WHAT THE EXERCISE ASKS: With the records below as your source, retype each line exactly from the top down to the line that contains "Persianas Romanas de Alta", and include that line.
[[ SUPPLIED ENTRIES, beginning ]]
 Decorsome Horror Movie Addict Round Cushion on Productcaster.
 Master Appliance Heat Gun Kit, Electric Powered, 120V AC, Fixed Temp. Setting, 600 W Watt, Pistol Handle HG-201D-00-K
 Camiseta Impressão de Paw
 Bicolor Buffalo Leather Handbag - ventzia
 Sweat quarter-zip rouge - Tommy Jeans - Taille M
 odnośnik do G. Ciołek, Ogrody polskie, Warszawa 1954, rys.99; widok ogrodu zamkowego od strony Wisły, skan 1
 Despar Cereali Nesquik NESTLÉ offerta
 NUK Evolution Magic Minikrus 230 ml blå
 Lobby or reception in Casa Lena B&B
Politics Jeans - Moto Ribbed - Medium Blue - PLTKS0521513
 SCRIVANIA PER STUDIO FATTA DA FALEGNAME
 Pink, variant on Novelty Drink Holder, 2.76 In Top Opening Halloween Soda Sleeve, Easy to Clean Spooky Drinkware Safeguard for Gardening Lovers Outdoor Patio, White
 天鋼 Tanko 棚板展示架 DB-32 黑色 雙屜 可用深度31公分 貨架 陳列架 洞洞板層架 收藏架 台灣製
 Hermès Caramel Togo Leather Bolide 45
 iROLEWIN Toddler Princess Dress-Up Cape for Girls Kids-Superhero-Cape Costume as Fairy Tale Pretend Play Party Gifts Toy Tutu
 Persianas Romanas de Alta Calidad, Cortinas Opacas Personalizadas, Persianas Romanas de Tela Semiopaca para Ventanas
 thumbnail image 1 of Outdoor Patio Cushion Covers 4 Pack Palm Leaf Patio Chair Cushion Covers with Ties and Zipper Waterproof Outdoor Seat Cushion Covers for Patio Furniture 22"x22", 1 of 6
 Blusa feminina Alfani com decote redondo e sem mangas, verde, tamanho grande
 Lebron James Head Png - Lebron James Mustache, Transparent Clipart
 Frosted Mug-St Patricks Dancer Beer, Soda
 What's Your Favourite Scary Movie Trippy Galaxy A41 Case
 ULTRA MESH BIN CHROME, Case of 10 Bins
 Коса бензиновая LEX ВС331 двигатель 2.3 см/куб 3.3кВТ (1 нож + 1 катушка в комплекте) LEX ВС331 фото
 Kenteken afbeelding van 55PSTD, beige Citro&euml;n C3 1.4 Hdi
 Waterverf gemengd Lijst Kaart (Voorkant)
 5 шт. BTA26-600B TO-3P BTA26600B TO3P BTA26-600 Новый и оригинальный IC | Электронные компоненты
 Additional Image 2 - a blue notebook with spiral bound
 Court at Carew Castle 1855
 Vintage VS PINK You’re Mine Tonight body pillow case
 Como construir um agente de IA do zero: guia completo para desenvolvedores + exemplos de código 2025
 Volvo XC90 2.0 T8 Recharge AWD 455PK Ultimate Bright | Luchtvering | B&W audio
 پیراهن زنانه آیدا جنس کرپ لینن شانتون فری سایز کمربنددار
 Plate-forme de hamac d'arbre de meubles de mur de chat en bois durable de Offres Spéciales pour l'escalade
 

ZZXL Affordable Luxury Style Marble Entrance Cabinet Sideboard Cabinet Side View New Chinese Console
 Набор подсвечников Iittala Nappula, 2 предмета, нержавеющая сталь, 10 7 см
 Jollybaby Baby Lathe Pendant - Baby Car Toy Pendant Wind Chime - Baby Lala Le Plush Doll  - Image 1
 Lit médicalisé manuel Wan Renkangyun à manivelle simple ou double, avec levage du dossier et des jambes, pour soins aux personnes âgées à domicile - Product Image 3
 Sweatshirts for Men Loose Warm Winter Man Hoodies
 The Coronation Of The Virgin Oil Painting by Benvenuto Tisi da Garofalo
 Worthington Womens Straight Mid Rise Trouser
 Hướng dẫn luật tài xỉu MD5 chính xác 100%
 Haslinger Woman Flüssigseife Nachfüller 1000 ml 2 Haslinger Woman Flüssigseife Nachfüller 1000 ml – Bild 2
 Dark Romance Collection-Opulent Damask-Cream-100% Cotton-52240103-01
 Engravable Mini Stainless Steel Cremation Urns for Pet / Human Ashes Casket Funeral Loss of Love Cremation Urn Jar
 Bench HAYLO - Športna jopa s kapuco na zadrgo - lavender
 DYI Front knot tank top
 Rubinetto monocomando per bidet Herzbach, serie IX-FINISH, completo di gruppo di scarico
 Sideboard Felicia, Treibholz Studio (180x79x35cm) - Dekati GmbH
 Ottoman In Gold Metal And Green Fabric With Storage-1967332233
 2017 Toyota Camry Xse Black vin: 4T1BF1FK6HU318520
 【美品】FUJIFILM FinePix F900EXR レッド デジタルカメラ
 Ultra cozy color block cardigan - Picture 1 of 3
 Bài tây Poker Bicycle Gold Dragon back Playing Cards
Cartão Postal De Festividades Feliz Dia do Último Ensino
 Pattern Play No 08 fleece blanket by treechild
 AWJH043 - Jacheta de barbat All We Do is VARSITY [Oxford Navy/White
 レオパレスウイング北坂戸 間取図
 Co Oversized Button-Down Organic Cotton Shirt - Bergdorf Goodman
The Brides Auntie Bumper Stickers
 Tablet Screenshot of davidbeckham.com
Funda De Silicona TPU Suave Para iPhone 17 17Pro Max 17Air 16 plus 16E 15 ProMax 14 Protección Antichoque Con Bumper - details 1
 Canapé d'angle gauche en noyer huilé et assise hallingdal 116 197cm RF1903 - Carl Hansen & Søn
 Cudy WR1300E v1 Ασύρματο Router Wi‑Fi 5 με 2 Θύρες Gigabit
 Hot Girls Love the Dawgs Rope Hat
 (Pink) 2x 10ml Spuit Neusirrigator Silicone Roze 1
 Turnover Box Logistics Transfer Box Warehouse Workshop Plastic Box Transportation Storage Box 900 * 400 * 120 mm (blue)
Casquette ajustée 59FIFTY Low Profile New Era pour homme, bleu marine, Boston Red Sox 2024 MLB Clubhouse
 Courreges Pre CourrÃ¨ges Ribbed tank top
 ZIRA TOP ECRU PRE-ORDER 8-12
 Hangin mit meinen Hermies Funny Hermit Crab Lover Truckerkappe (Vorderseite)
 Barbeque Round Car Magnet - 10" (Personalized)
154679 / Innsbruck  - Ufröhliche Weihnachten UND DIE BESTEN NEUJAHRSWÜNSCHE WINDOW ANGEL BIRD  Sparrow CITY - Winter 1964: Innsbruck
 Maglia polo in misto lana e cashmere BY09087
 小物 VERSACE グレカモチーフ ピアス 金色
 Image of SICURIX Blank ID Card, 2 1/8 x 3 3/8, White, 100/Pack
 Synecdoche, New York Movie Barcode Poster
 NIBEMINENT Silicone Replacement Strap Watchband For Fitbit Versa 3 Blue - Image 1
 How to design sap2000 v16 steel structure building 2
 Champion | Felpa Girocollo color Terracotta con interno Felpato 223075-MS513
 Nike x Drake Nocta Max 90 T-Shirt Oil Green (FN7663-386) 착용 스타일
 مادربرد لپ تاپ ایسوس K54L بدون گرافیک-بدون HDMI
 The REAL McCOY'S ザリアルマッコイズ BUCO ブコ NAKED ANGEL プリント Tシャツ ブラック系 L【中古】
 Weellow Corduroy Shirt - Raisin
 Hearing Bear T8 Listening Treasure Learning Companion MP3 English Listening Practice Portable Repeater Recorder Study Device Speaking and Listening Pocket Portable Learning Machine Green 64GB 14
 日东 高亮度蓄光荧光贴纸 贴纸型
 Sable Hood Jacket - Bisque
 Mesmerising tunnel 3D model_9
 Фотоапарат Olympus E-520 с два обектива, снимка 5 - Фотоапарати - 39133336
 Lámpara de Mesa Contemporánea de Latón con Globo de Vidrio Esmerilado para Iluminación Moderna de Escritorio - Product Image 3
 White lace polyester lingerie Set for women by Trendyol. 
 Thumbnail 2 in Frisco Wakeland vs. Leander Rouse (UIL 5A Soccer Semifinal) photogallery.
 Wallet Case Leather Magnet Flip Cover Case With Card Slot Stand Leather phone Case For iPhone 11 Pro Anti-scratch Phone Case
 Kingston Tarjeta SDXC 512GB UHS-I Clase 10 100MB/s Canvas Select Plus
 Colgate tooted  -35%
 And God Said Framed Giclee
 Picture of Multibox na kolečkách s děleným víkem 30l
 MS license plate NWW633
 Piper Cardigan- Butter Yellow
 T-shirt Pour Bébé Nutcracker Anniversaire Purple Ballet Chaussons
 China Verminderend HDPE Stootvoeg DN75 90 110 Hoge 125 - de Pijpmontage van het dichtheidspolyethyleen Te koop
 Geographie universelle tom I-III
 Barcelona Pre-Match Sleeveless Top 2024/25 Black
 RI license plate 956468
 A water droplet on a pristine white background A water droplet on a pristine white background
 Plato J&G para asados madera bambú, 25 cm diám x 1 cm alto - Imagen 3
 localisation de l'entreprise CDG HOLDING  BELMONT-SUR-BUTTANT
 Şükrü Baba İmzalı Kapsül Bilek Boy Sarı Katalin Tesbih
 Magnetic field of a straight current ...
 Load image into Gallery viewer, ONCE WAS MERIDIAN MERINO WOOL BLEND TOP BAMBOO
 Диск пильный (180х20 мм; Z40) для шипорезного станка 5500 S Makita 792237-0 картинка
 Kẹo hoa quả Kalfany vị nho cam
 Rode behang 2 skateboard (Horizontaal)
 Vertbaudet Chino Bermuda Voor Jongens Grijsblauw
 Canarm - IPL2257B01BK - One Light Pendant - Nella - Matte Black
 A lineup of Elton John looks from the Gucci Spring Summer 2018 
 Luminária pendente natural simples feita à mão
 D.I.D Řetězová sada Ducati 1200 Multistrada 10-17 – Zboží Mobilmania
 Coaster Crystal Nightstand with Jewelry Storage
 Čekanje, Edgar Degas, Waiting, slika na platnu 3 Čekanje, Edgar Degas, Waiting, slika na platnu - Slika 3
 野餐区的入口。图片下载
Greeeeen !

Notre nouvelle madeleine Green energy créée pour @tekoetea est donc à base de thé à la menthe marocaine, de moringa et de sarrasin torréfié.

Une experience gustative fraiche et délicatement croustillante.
[[ SUPPLIED ENTRIES, end ]]
TASK OUTPUT:
 Decorsome Horror Movie Addict Round Cushion on Productcaster.
 Master Appliance Heat Gun Kit, Electric Powered, 120V AC, Fixed Temp. Setting, 600 W Watt, Pistol Handle HG-201D-00-K
 Camiseta Impressão de Paw
 Bicolor Buffalo Leather Handbag - ventzia
 Sweat quarter-zip rouge - Tommy Jeans - Taille M
 odnośnik do G. Ciołek, Ogrody polskie, Warszawa 1954, rys.99; widok ogrodu zamkowego od strony Wisły, skan 1
 Despar Cereali Nesquik NESTLÉ offerta
 NUK Evolution Magic Minikrus 230 ml blå
 Lobby or reception in Casa Lena B&B
Politics Jeans - Moto Ribbed - Medium Blue - PLTKS0521513
 SCRIVANIA PER STUDIO FATTA DA FALEGNAME
 Pink, variant on Novelty Drink Holder, 2.76 In Top Opening Halloween Soda Sleeve, Easy to Clean Spooky Drinkware Safeguard for Gardening Lovers Outdoor Patio, White
 天鋼 Tanko 棚板展示架 DB-32 黑色 雙屜 可用深度31公分 貨架 陳列架 洞洞板層架 收藏架 台灣製
 Hermès Caramel Togo Leather Bolide 45
 iROLEWIN Toddler Princess Dress-Up Cape for Girls Kids-Superhero-Cape Costume as Fairy Tale Pretend Play Party Gifts Toy Tutu
 Persianas Romanas de Alta Calidad, Cortinas Opacas Personalizadas, Persianas Romanas de Tela Semiopaca para Ventanas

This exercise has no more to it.